→ **Stored data**
::::::::

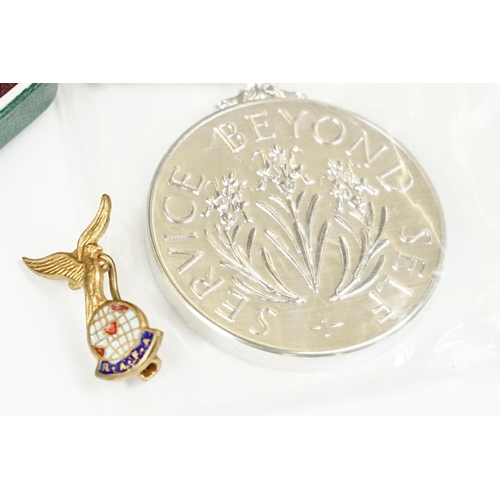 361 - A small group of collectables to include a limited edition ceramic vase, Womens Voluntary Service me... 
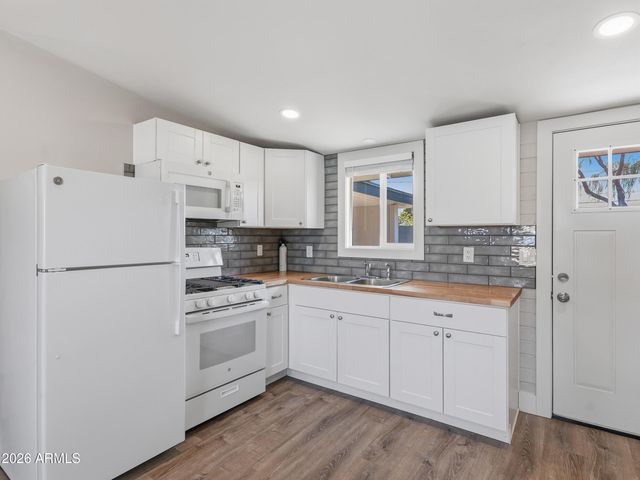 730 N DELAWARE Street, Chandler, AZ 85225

::::::::

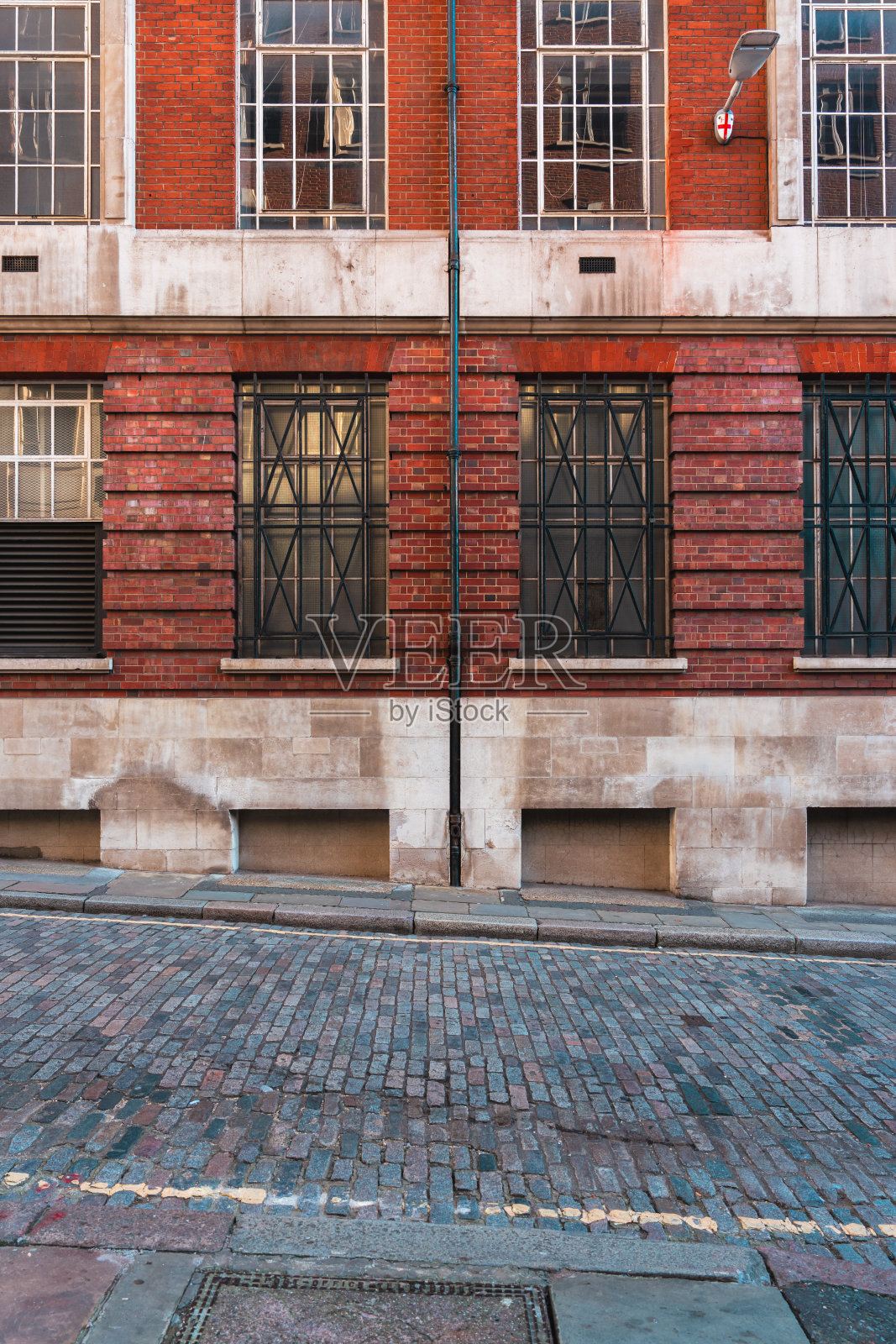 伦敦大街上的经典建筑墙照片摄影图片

::::::::

What you write out is the stretch of entries from the line containing "361 - A small" to the line containing "730 N DELAWARE Street, Chandler, AZ 85225", word for word, with both end lines and no pictures.

→ **Solution for this problem**
 361 - A small group of collectables to include a limited edition ceramic vase, Womens Voluntary Service me... 
 730 N DELAWARE Street, Chandler, AZ 85225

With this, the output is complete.